María Dolores
Vayan estas líneas dedicadas a una extraordinaria mujer, que conocí hace mucho tiempo. Aunque de padre cántabro y madre manchega, ella había nacido en Madrid. Allí pasó la mayor parte de su vida. Una vida aparentemente igual a la de cualquier otra madrileña, si no fuera porque -¡Oh caminos inescrutables de la Providencia!- llegaría a casarse conmigo, y ese SI a un hombre como yo le hace acreedora del más alto galardón a la heroicidad, algo así como la laureada de san Fernando.
Educada muy cristianamente en colegio de monjitas, aquellas profesoras de hábito talar se habrían alegrado de que, algún día, formara parte de su claustro. Pero no fue así. Acabados los estudios, el trabajo la esperaba con la misma ansia y necesidad que las religiosas de santa Susana. Trabajo, en competencia brillante frente a los hombres, que le absorbió la vida hasta el nacimiento del segundo de nuestros tres hijos, por aquellas regulaciones laborales de la primera época felipista.
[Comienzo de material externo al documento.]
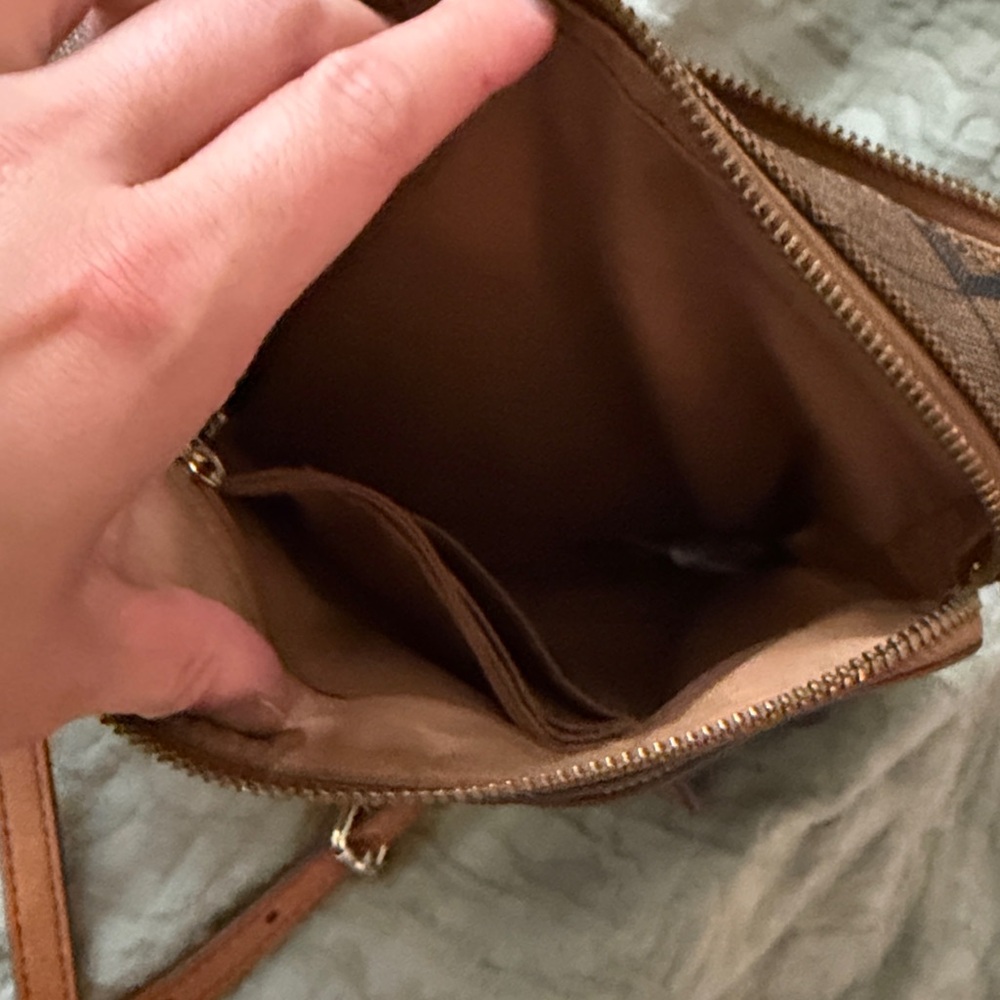 Dooney & Bourke Tan and Black Crossbody Bag - Picture 3 of 6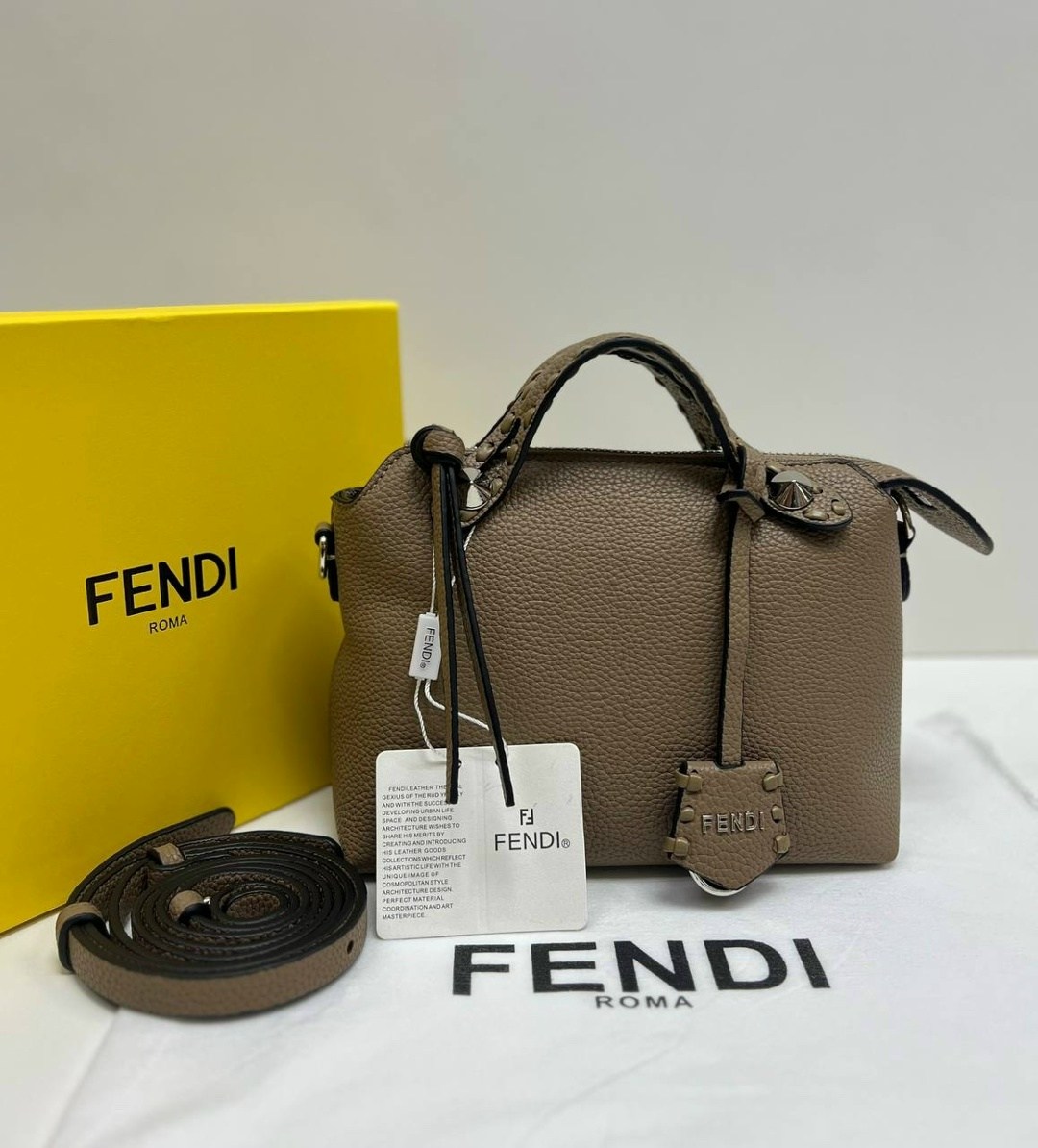 fendi fendi,сумка fendi,fendi сумка на плечо,женская сумка fendi,сумка fendi peekaboo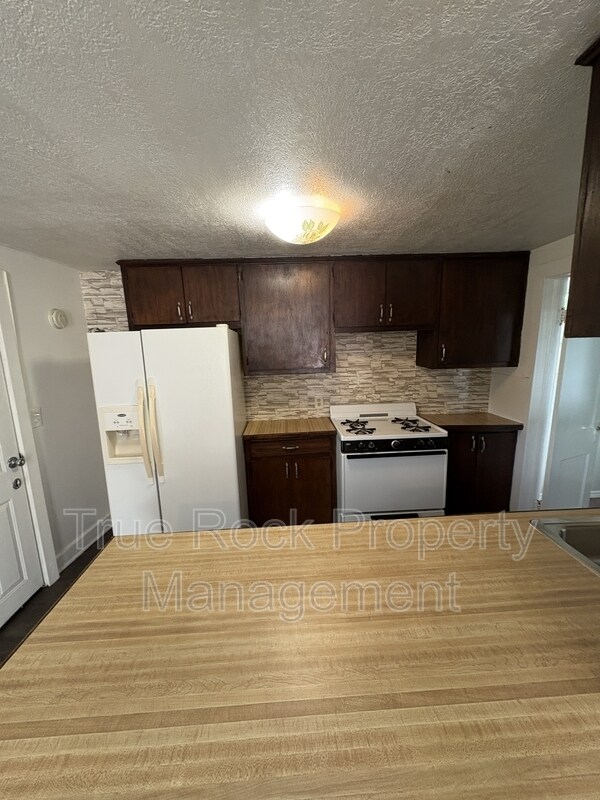 Foto del edificio - 315 S Stonewall Ave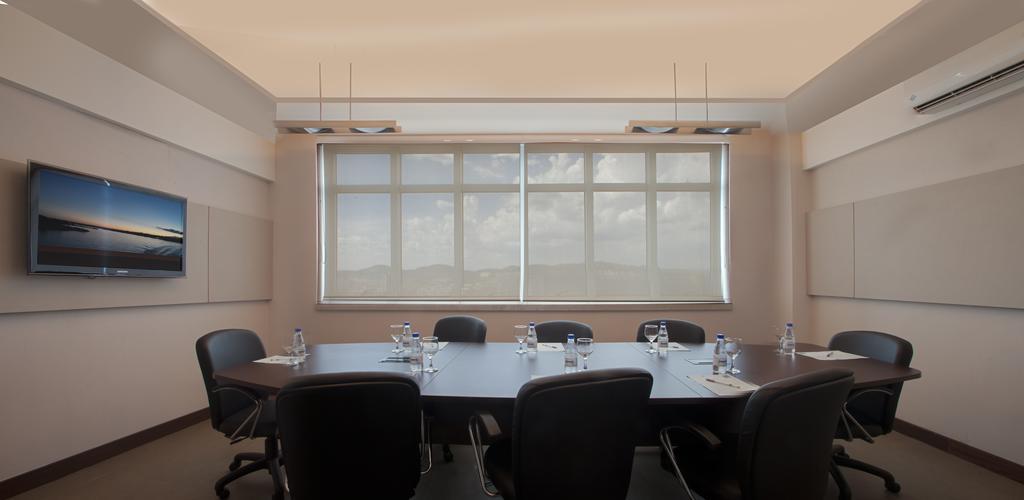 Quality Suites Alphaville Баруэри Экстерьер фото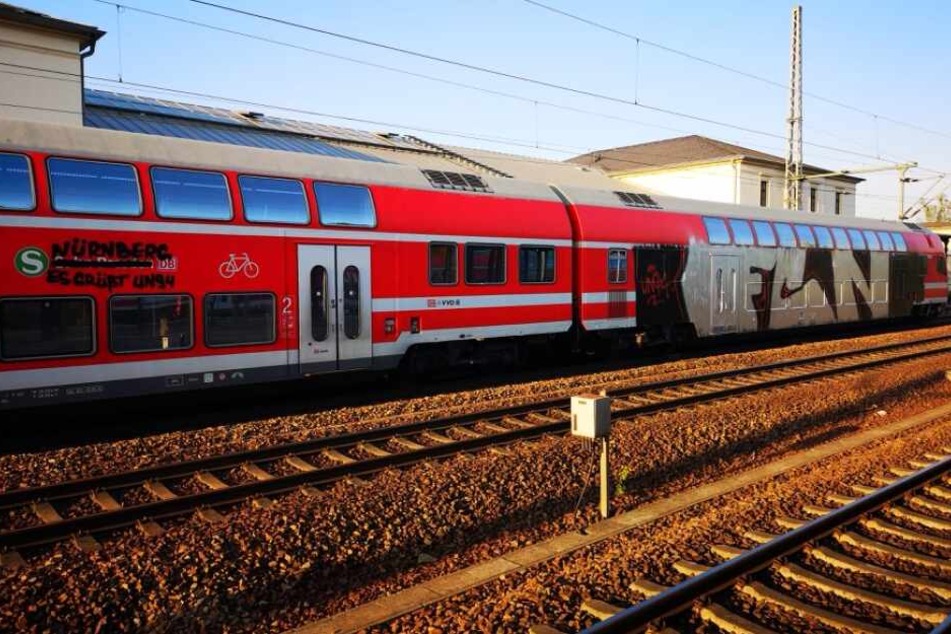 Zuerst sprühten die Unbekannten "FCN" auf die Bahn.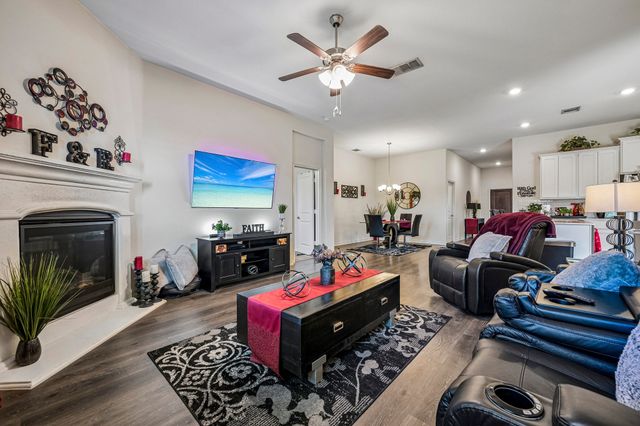 400 Penn Street, Anna, TX 75409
Madre abnegada y esposa fidelísima, supo hallar tiempo para la ayuda parroquial y vecinal, con especial atención a los niños, que la saludaban por la calle de la capital hispana con la misma naturalidad con que, desde hace diez años, la tratan sus catequizandos cehegineros. Por todas estas razones, y porque hace tantos años que nos casamos, un 26 de noviembre, quiero que esta columna le sea merecidísimo homenaje. No exagero si públicamente reconozco el don inmenso que recibí al encontrar una mujer tan bella, buena y hacendosa, cual lo es mi esposa.